Pease, Allan & Barbara (2004), The Definitive Book of Body Language, London: Orion Books Ltd


The Definitive Book of Body Language is a textbook. It is not on the light read site of the shelf, content over readability. Allan and Barbara Pease first published the book back in 2004, and it seems like an offline Wikipedia for body language.

The book is divided into 19 chapters and builds up from the basic to more complex contextual understanding. I wrote down the entire content at the bottom of the article if you are interested. They start with general perception, not body language-based, to raise awareness and then gradually go more to explicit examples, discuss interpretation and using body language in business.

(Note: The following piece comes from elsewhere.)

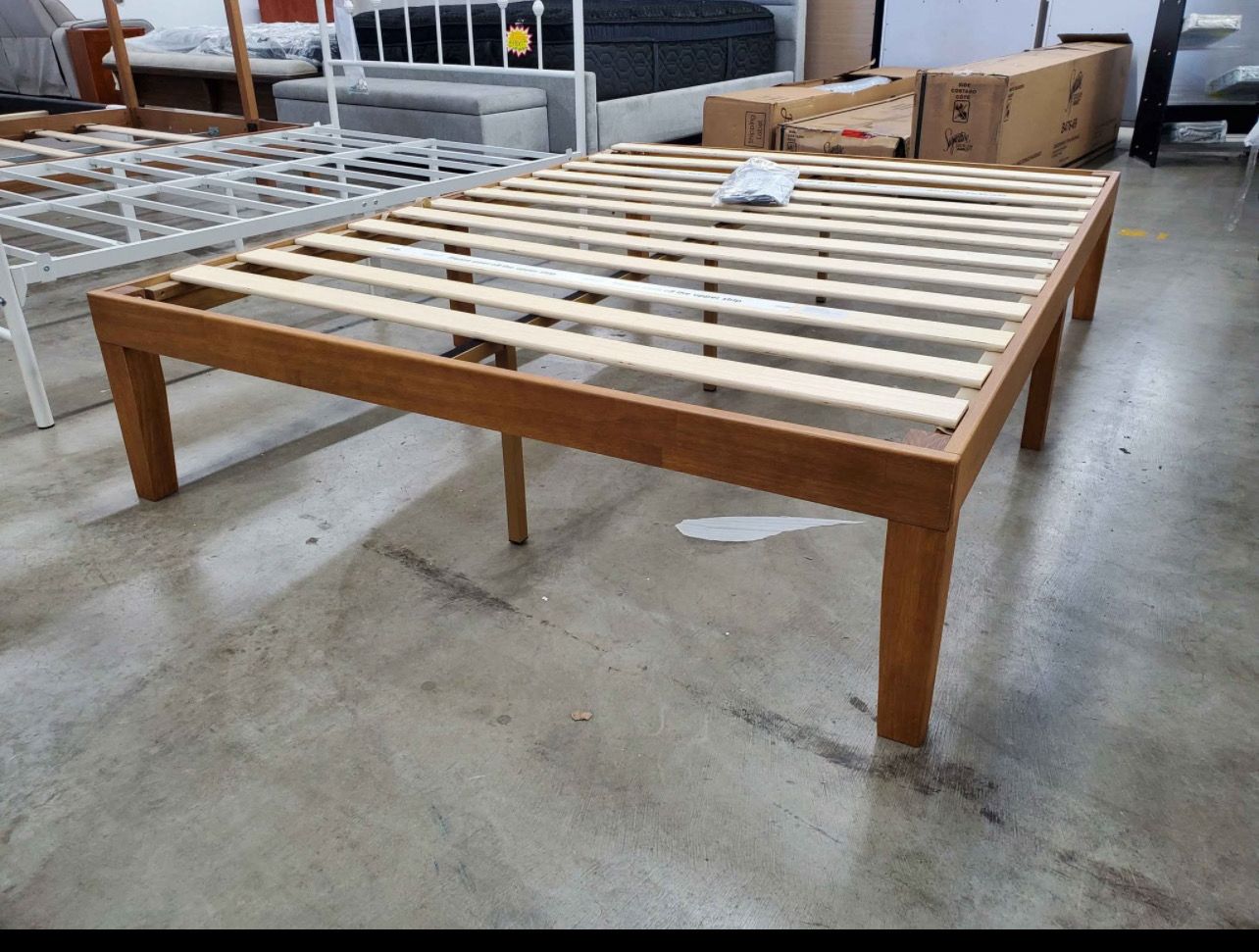 Queen Size 16" Solid Wood Platform Bed Frame NO BOX SPRING NEEDED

They cover what you might expect, with a surprisingly large portion focusing on the business perspective, discussing territory, seatings, building rapport, using and reading accessories and how to learn to read such clusters of signals.

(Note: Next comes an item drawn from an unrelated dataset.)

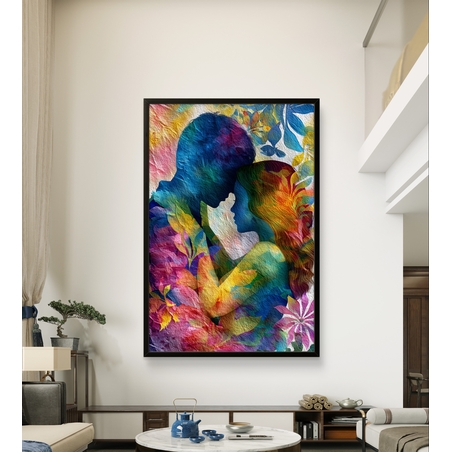 תמונת קנבס אומנותית צבעונית עם דמויות אוהבים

For each chapter, they use a mixture of explicit gestures and descriptions. For instance, chapter 11 covers thirteen common gestures that we see daily and how to think about them. One example is the leaning backwards and spreading your legs move that we love when guys do it during rush hour in public transport.

In the penultimate chapters, they address seating positions and powerplay, politics, and being in control of your emotions, which I found by far the best and most valuable part of the book.

In general, I would say that what they do is raise awareness about you becoming aware of the signals you send. And they make a fair point about signals that men & women send differently and how the perception may be more important than reading others body language per se.

In this, I see the strength and probably also the weakness of the book.

On the one hand, you become more self-aware when reading this, and a ton of little hints and tricks work really well, like the seating positions and open or attractive gestures.

On the other hand, you can become excruciatingly self-aware when you do read this book.

I do dislike that the approaches are pretty much entirely western-centric, even the section about cultural differences. These parts often seem like they are a bit outdated. And in general, women are more portrayed to focus on sexual and submissive gestures, so not really a course of body language for women, in my opinion. You might also get the feeling that male positions are superior in almost every situation, as the book is written in a way that seems to support such a point of view.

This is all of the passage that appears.